Design doc on parallel autodiff from Sebastian

Hey all,

@wds15 has a design doc up documenting his proposal for parallel for and and reduce using TBB and a refactored independent autodiff stack mechanism. Please put any comments on the specific proposal on the github PR; this thread is just announcing it and explaining a little bit about the process we’re trying out.

Here’s the intro text:

This RFC will enhance parallelization facilities in stan-math.

At the core it does implement

  • parallel for with automatic sharding
  • parallel reduce with automatic sharding and vectorization

To get there a few things need to be refactored and introduced

  • independent AD
  • refactored nested AD
  • Intel TBB is proposed to implement the parallel algorithms

We’re trying out the design doc process that we’ve copied and slightly adapted from the Rust community’s RFC process. The basic idea is that we’d like to get some of the more complicated designs formalized and get a set of basic questions answered about all of them before we start writing code. This is an opportunity for the entire community to comment and try to make the proposed design better. We’ll give it something like a minimum of a week to air publicly and get to a decision on it in a few weeks max (that decision could take a variety of actions including postponement, but we’ll seek some action and closure on the issue in that time period). Please see the design docs repo README (and the original Rust one if curious) for more details.

@syclik, do you have time to be the reviewer for this one? We definitely need to get your comments if possible as this is a change to the math library more involved than just adding new functions and classes.

Thanks all!

3 Likes

Yup. What am I supposed to do in the review?

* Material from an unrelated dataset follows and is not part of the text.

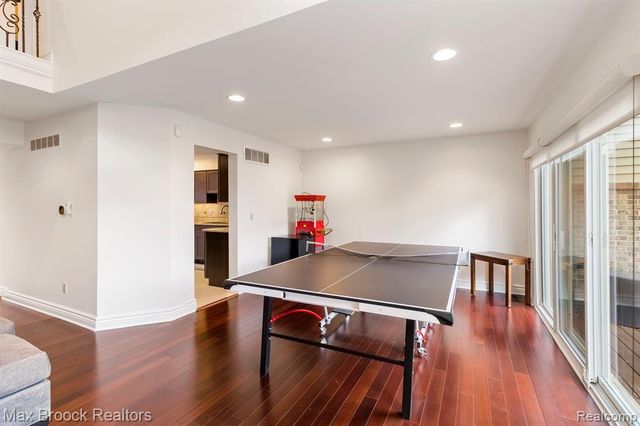 6322 Aspen Ridge Boulevard, West Bloomfield, MI 48322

The big question to answer is if you agree to the concepts introduced (independent AD, refactored nested AD, using the TBB as a workhorse). Maybe you have a short look at the template to see what information I was aiming to fill into the sections as guided by the process. The document is hopefully easy to follow; if not, then comment on that maybe first so that we can resolve that. Ultimately, this document describes where we are heading design wise to get things working in math and here we need alignment.

As it’s a way of thinking for me to write code, I have a prototype of things up on Stan-math. That’s not meant to become the implementation we end up with, but you can glance at it there if you think it helps to fill holes in what I described there (parallel-ad-tape-v3; maybe start with the for_each test … which is not super clean, but hopefully still helpful).

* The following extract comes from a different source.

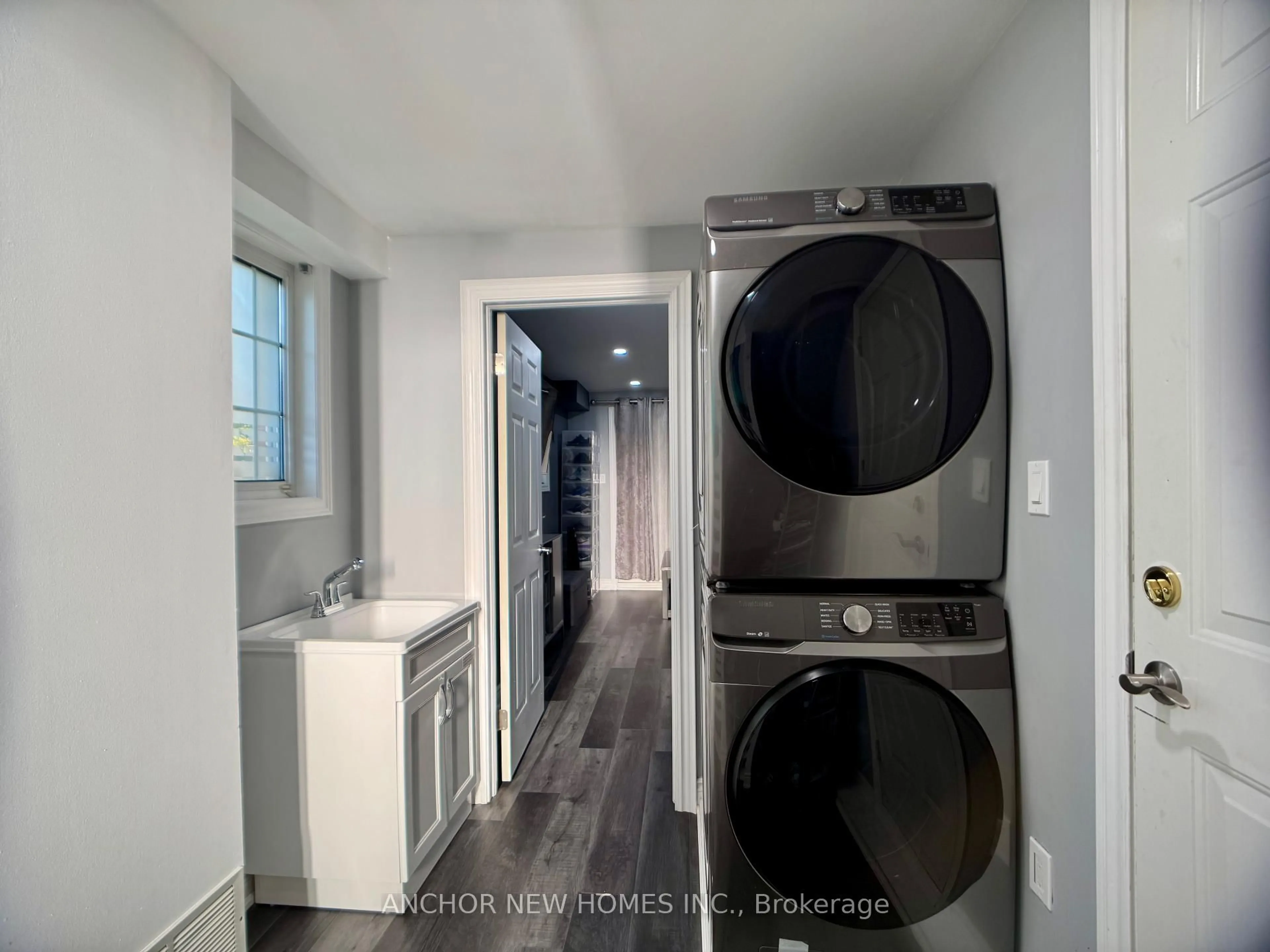 Laundry room for 85 Ozner Crt, Brampton Ontario L6X 4Y9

Yeah - the hope with this process is that the community can all comment line-by-line (as there’s a few topics in the proposal that all work together) and then the reviewer can do something really similar to a code review, but for the high level ideas. So probably less style comments and more polishing the ideas and architecture and asking for enough clarification that it’s clear what’s being agreed to. Here’s an example of a Rust RFC with a bunch of comments that was eventually approved and thus merged in: https://github.com/rust-lang/rfcs/pull/2645 At that point anyone should have confidence working on implementation of the design that they’ll be doing work that’s along the right track because the design has been reviewed at the high level.

I guess this work incorporates A Geometric Theory of Higher-Order Automatic Differentiation, https://arxiv.org/abs/1812.11592 ?

No - I did not dive into that. I probably should… given this resource limited world I did not find the time yet… and BTW, if someone wants to give a hand and implement stuff - there is a lot to do and help is very welcome.

1 Like

Can you say more about how you’re thinking that paper would influence the memory layout and nested API of autodiff?

I just got the superficial, vague understanding from the paper that some of the calculations for higher order autodiff are redundant and can be factored out. It seemed relevant if you’re trying to make things faster.

Ah… sure, if you have certain continuity conditions met, then that is key to take advantage of… but here I am shooting for getting simple reverse mode running in parallel. That will be useful for all models we can run in Stan right now (only needing gradients) and it will also be useful for that higher order world (should we ever get there).

Loving all things parallel and Stan related I would like to help out. If you have any specific stuff that needs to be done, assign/tag/pm me.

2 Likes

Same!

1 Like
The suggested building blocks per se only parallelize the *forward*
  sweep of reverse mode AD, but not the reverse sweep. Thus, the
  operations which involved `adj_jac_apply`, for example, are not
  speedup at all with this. However, this can easily be resolved by
  introducing a general AD tree compression facility which works just
  as `map_rect` does. Such a facility needs to know all the operands
  and can then do nested AD and perform on the spot gradient
  evaluation of the function of interest and store results as
  `operands_and_partials`.

What’s the difficulty of adding mechanisms to parallelize the reverse sweep? Is there any way that this refactor might make it easier to do that reverse sweep? Does this refactor in any way hamper our ability to do the parallel reverse sweep? Or is that tangential?

I’m a fan of the reverse sweep (except that time the Warriors lost).

Hey! Please move this discussion to the PR, thanks!

@rok_cesnovar & @stevebronder much appreciated! For the moment the design PR is what needs to get through. So going over that and commenting is very much appreciated. Doing so will sync all our brains in terms of what is to come.

Once the design is agreed on I am happy to draft a working plan for this which we can then use to setup planned issues+PRs. At that point we can work along that plan.

1 Like

@rok_cesnovar… one issue to take on for parallelism is this one: https://github.com/stan-dev/math/issues/1250

It is about reverting the commit mentioned to go back to the lgamma from boost since the std one introduces global locking which destroys any parallel performance…including map rect.

The crux is that the std versions seems faster, but it has no guarantee on the output precision. In addition you may have to deal with border line cases…but if you could handle that one - that would help.

Sure. Will look into that. Assigning myself.